__Task to carry out__. With pictures omitted, copy exactly the lines from the one containing "Krydex Tactical Chest" through the end of the records below.

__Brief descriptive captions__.

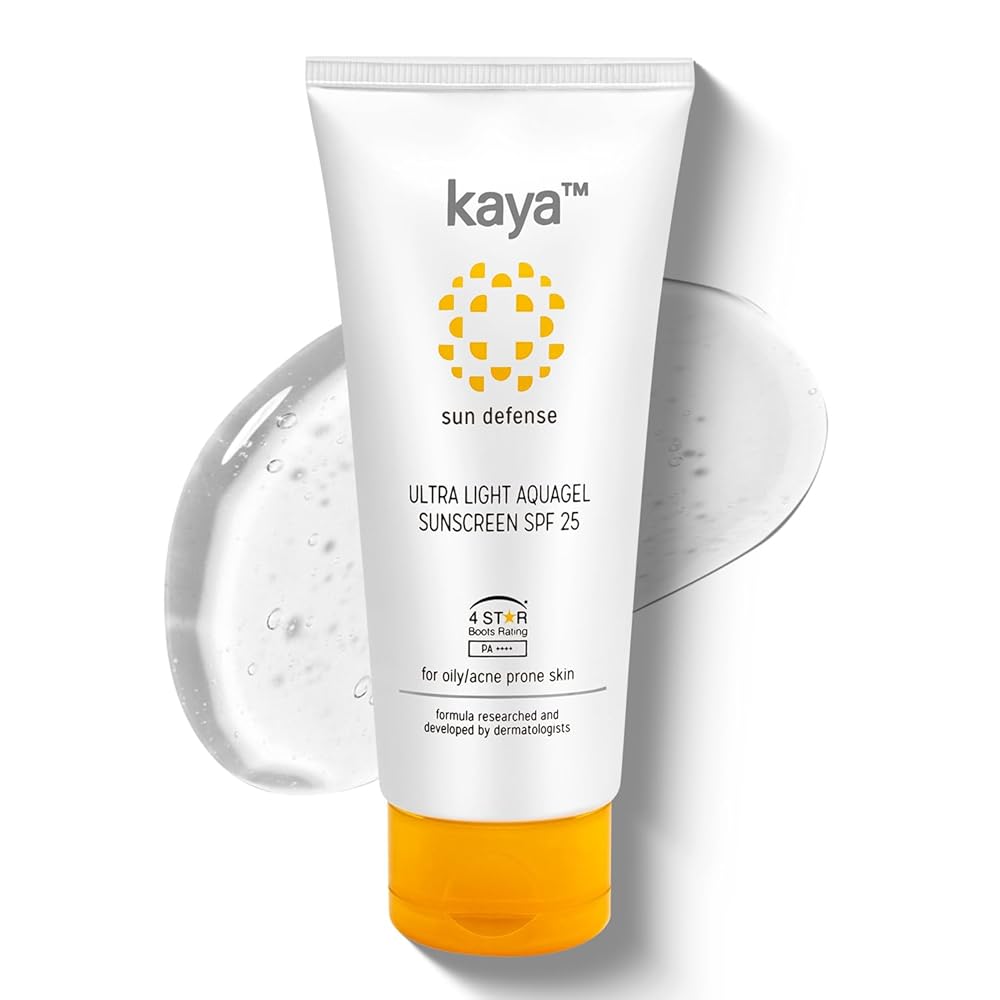 Kaya Ultra Light Aquagel Sunscreen SPF 25 PA++ | Niacinamide, Rosemary, Geranium | Dermatologist-Developed | 22 Years Expertise | Lightweight Gel for Oily, Acne-Prone Skin | 50ml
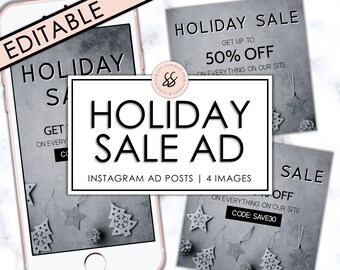 Silber Feiertag Black Friday bearbeitbare Instagram-Anzeige, bearbeitbare Black Friday-Anzeige, Feiertagsanzeige, Instagram-Anzeigenvorlage, Social Media-Anzeigenvorlage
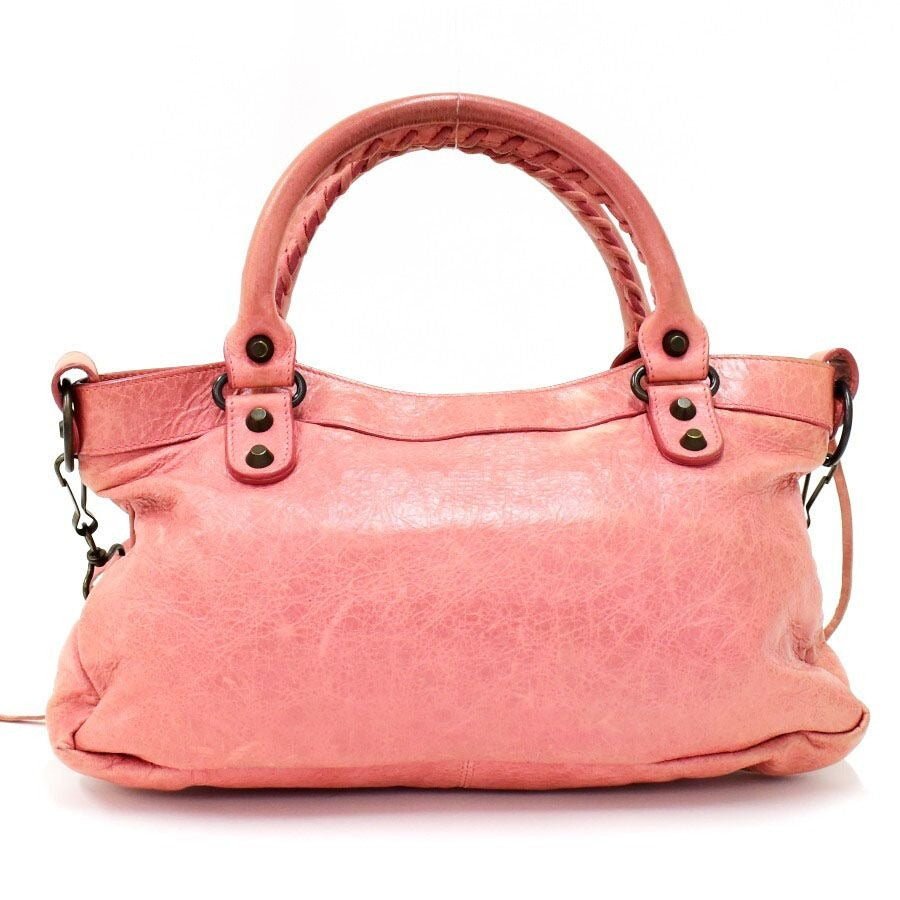 Balenciaga Motocross The First Bag Agneau Leather Studs Hardware City Tote Pink - The Reluxe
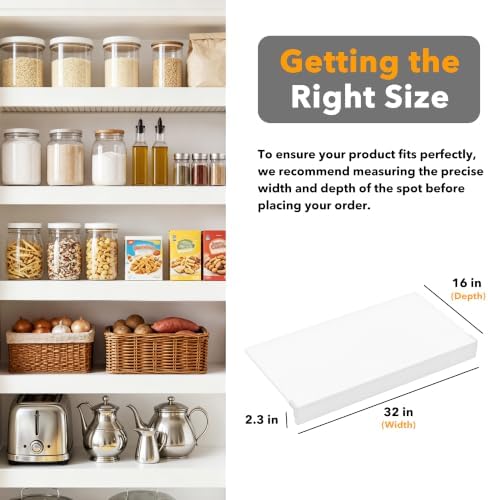 SpaceAid Wire Shelf Covers for Pantry Rack, 32" W x 16" D, White 5pcs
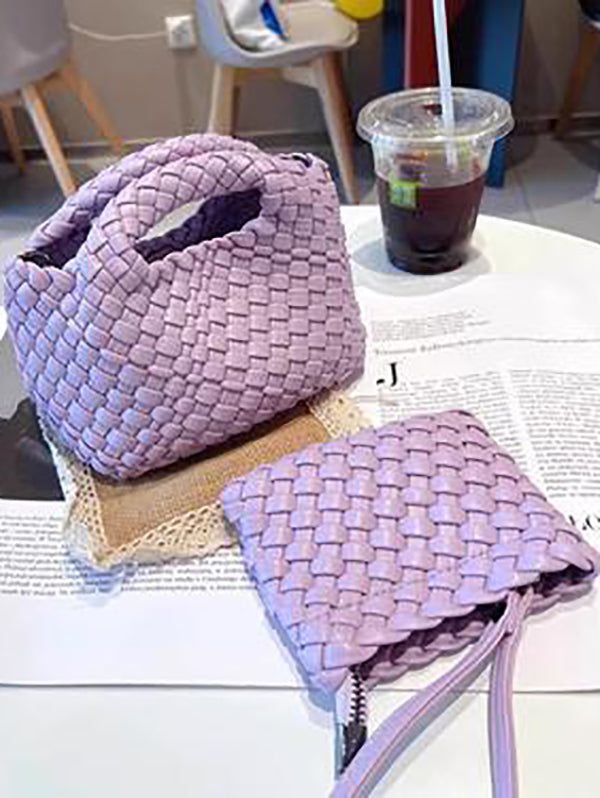 Sac à main tressé couleur unie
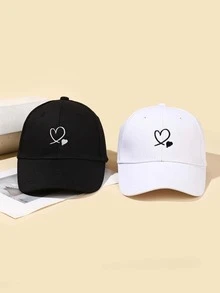 2 piezas Gorra de béisbol pareja con bordado de corazón - Blanco y Negro - Ver 2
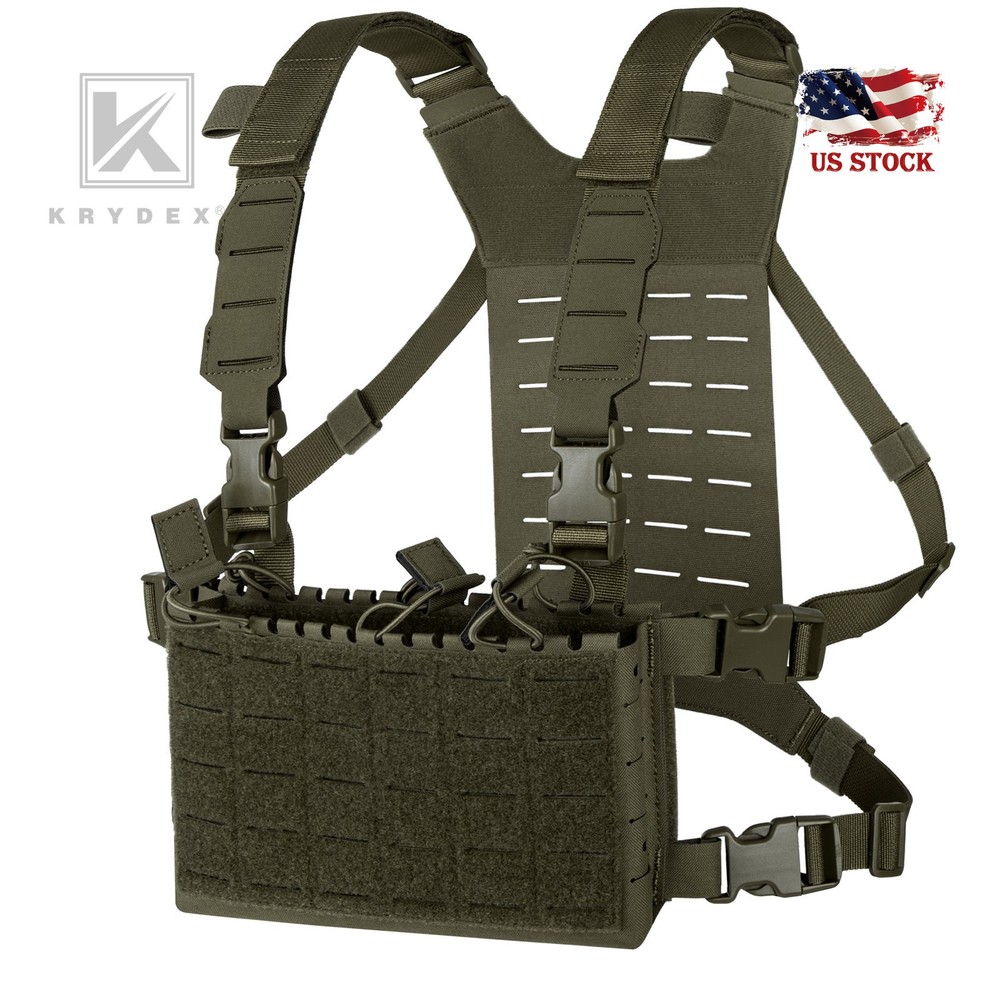 Krydex Tactical Chest Rig Shoulder Strap with Back MOLLE Panel Harness Vest RG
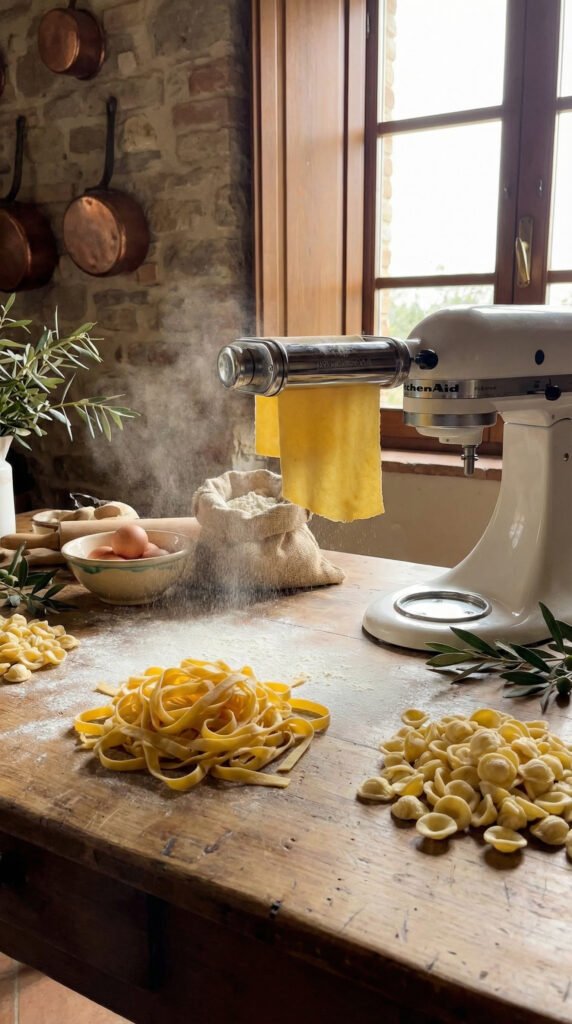 In a rustic Italian kitchen, the KitchenAid pasta roller attachment whirrs into action, fresh pasta sheets gliding...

__Output of the task__.
 Krydex Tactical Chest Rig Shoulder Strap with Back MOLLE Panel Harness Vest RG
 In a rustic Italian kitchen, the KitchenAid pasta roller attachment whirrs into action, fresh pasta sheets gliding...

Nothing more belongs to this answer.